Birlik İlmi
  KARANLIĞIN TINISI OLAN İNSANLIK 5, 3 AKIŞ 1.BÖLÜM
 

25.OCAK.2017 TARİHLİ KARANLIĞIN TINISI OLAN İNSANLIK 5

AV.NEZİRE SELÇUK ÖZ BİLİŞ 3 AKIŞ – 1.BÖLÜM

Değerliler, bugün arzın gücünü tohumlarken, hepimizin yüreğindeki ilmi de kodlamamız gerekiyor. Bu çalışmayı yaparken mutlaka aklın kapısını açıp, yaptık.

İsrafil’in gözü olan bütün kültleri kodlayabilen insanlığın, ilm-i KA olabilmesi için sessiz zamanları dillememiz şarttı.

İşte bu nedenledir ki buradayız. Huzurla çalışıyoruz ve dünyanın, ölüler planeti değil diriler planeti olmasını sağlayacak gücü dürümlüyoruz.

“Görün insanı” dedik… “Gövdesi ilimdir” dedik… “Yolu el ve ya el’cilik değil ilimciliktir” dedik... El ya elci’lik değil.

Canlarım, bazı sayfalarda, bazı kelimeler kullanırım ki bu kelimeler, sizi düşündürür. Bu düşünce sizi, sizden size tohumlar. Bunun için bazı ses kapılarını açarım.. Bu ses kapıları, yeni seslerdir.

Daha evvel hiç kullanmamış sesler…. Ve bunları mutlak kıran diye değil ışık kaynağı diye kayıtlarım... Böylelikle kelamın levhi kapısında, aşkın sığ ışığının ötesinde bir yoğunlaşma sağlarım… Bunlar öfkeleri de aşırtır.

Burada nefes var mı yok mu, bunlar tartışılırken… Yeni seslerin dürümlere çekilişi kontrol kurmada da yardımcıdır.

Canlılar, el veya elci’lik, Alın anlayın….El, Allah’ın levhi kaydı... Elci’lik ise o kaydı yoğunlaştırarak tohumlayan…

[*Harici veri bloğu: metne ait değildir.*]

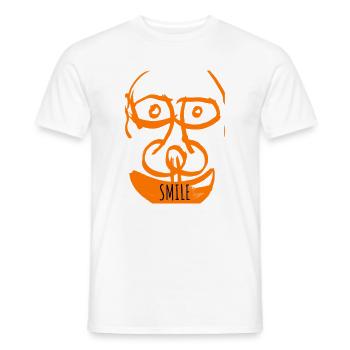 Sourire Orange Doodle - T-shirt homme - blanc - Devant - AI Model Male 178 dark (178cm)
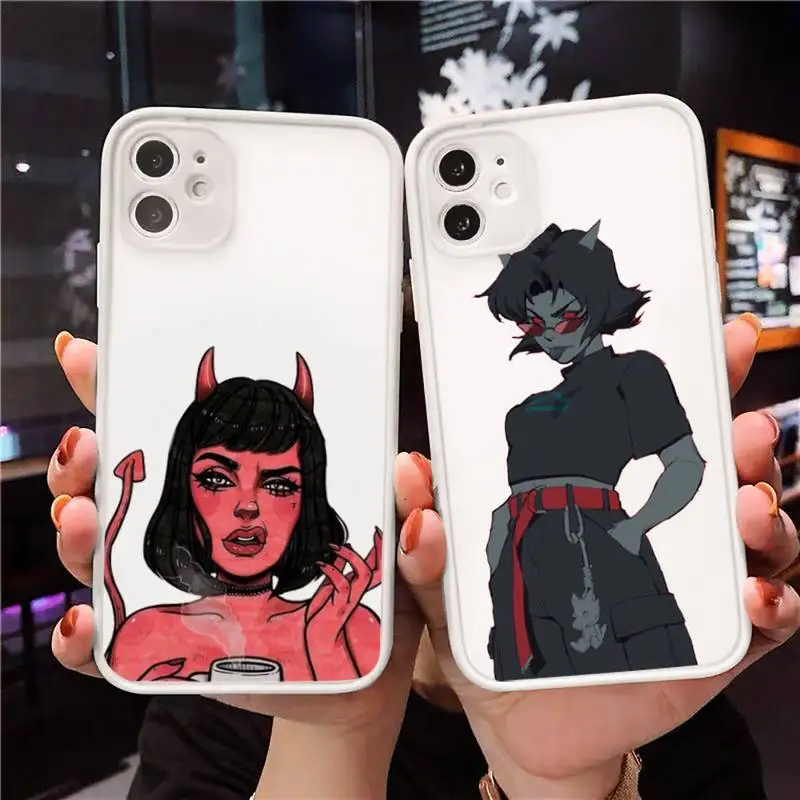 

Devil woman cool Phone Case Matte Transparent for iPhone 7 8 11 12 s mini pro X XS XR MAX Plus cover funda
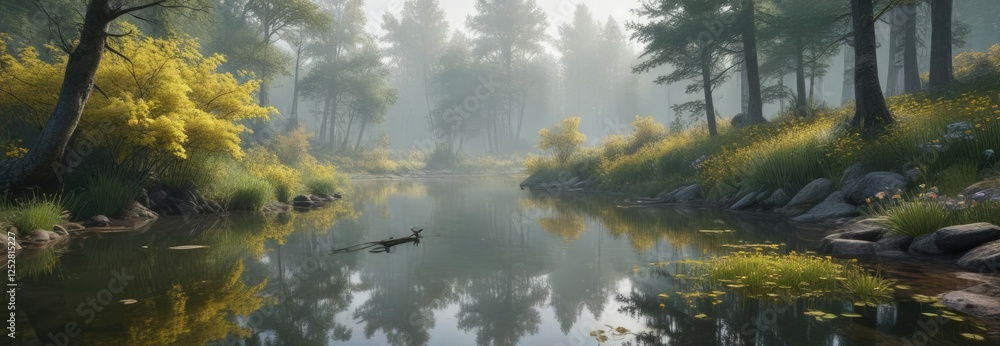 Fototapeta premium misty morning in a forest with a pond and yellow flowers, misty morning, overcast sky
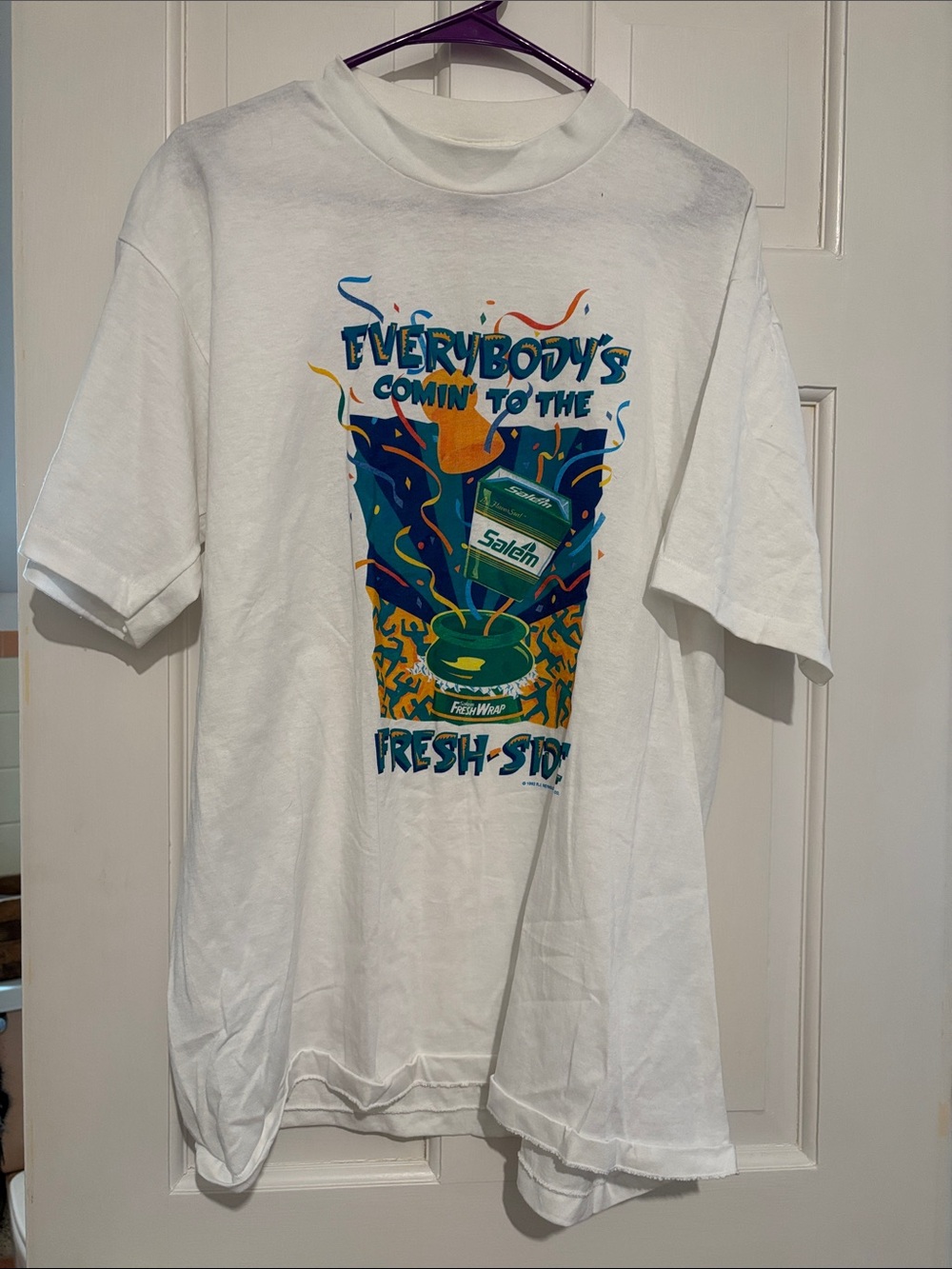White Graphic Short-Sleeve Tee with Multicolor Print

Bizler dünyalıyız ve son sözü söylerken hep yaratır, söyleriz... Bu bir yaratırıdır… Yer, gök ilmi ile yeni bir yaşam kaydıdır.

Tanrı, altın ışığın gözüdür, özüdür, sözüdür. Peki ama niye ben böyle seslerle hep size bilgi vermeye çabalıyorum? Çünkü yalın ve hakim insan, aklın kapısına açıp dinler… Eğer yalın ve hakimse ilmini diller… Aha, o biz olur, bütün olur, mutlak olur ve kuran olur. “Ol” dedik… OL’du denir…İşte bu!

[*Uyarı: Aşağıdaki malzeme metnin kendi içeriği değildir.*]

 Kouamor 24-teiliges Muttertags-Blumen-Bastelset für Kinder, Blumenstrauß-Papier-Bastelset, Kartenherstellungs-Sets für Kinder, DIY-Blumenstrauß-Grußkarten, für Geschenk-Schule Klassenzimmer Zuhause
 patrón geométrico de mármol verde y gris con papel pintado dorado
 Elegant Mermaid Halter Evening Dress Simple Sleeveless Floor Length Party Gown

Çözümlemeler yapar dürümlerinde. Çerçeveler bilgiyi. Kayıtlarını kontrol eder, ışığını tohumlar, aklın tınısını duyar. Sözü, sesi insanlık içindir. Çalıdır ama çalışır da çalı olur… Aha, ölülük budur.. Çalışır, çalı olur.

Ha diyeceksiniz ki “çalı çalışır, çalı olur.”.. Yakışır mı bu insana?.. Öfkesi yok ki çalı olsun ama çalı olmadıkça, çakıl olabilir mi? Hani dünyaya inmişti ya dünya budur. Çakıldır, çalıdır.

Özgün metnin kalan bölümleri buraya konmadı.